In order to solve for these new waves of threats, you need the following:

This evidences the need to solve for some key challenges: 

  • Image Provenance - Software install to commit (image provenance) understand entire software process flow that was involved in producing the deployed artifact.
  • Runtime Workload SCA - an understanding of the software that went into the image including 3rd party dependencies, licensing, and packages and metadata of what is deployed and running.
  • Software Supply Chain Posture - Your supply chain may be secure now but how secure was it during the time of the image build.
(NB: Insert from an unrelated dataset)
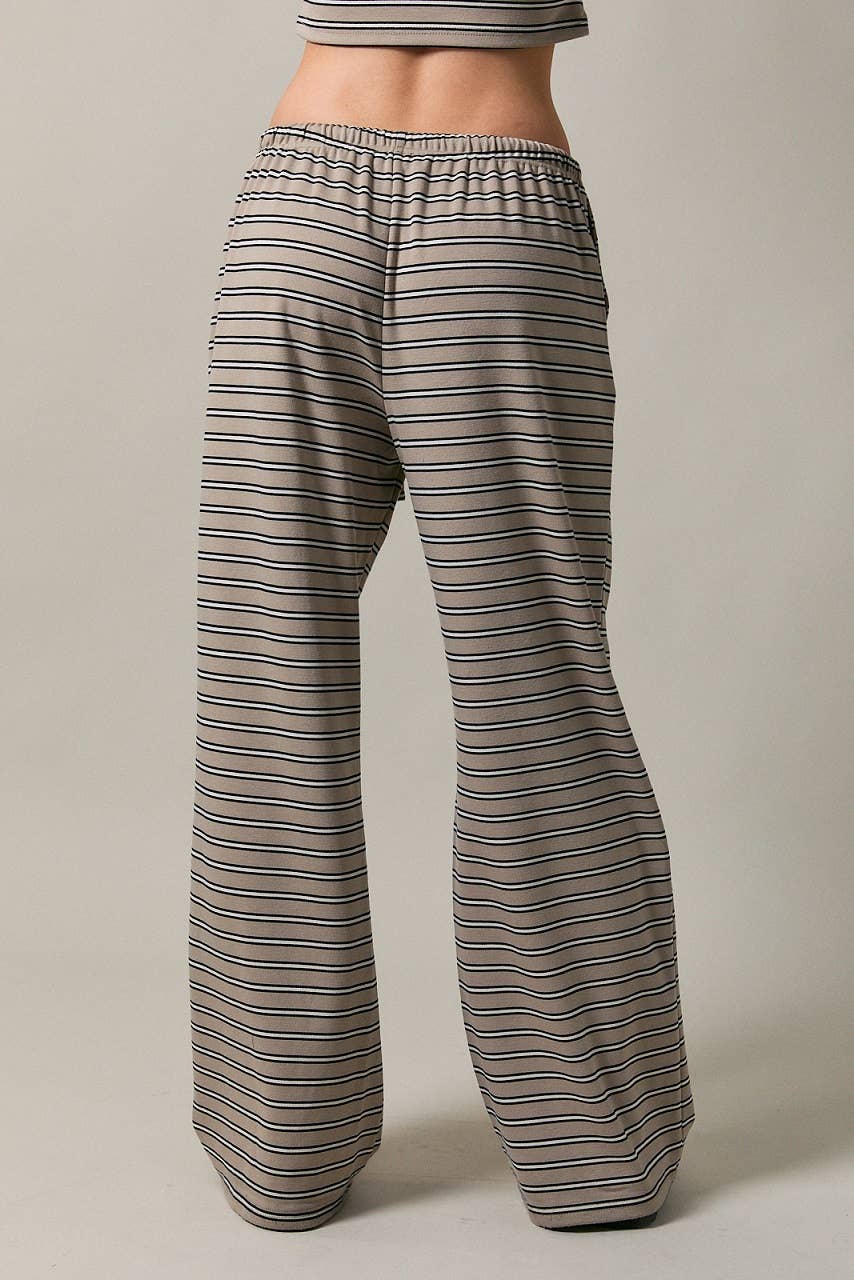 MID WAISTED WIDE LEG STRIPED PANTS: MAUVE-BROWN STRIPE / S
Potential vulnerabilities may have been introduced due to software supply chain vulnerabilities.
  • Continuous Compliance and Hardening - In order to prevent malicious commits from entering the pipeline and addressing software supply chain vulnerabilities in Code repositories, CI pipelines and Registries, it is important to continuously measure and harden your software supply chain.

 

Example

Detection: First we see a reverse shell via eBPF Detection. We see with deep attribution context that the reverse shell came from execution of ngserver.sh.

This was spawned from a container instance deployed. We can see the container image - this can tell us about what was checked code wise and also if we caught any vulnerabilities during the build phase.

 

Root Cause Analysis: Next in order to understand the origin of the root cause we go to the container image to see a full code commit to runtime provenance.

Here we can see that this image went through GitHub, Jenkins, Artifactory, and is now deployed in Kubernetes. We also see that each stage of the development process has a violation. We can work backwards to triage the root cause of the reverse shell detection by looking at the code commit. We see that one of the PRs has violations.

When we look at the PR we see that it only has 1 Approved Review while others have 2. Looking at the Repository Branch Protection Rules, it does say that every PR should have 2 Required Approval Reviews. This could be an indication that there has been a bypass and that some malicious code could have been committed.

PR failing the check of having 2 Approved Reviews.

Branch Protection rules requires 2 approved reviews per PR

When we dig deeper into the code review, we can see that malicious code for the reverse shell - the same ngserver that we saw in the detection was checked in. This ngserver itself is leading to the reverse shell.

With provenance, organizations can save significant time in root causing vulnerabilities and instead use that time to assess risk and patch key risks and vulnerabilities in their environment!

With Root Cause Analysis completed, the final step in the Uptycs Blast Radius Mitigation Framework ensures proactive defenses—read on to discover how DevSecOps Guardrails round out this powerful security strategy.

The Uptycs Blast Radius Mitigation Framework is a five-step journey to cloud security resilience. Read the guide to learn more.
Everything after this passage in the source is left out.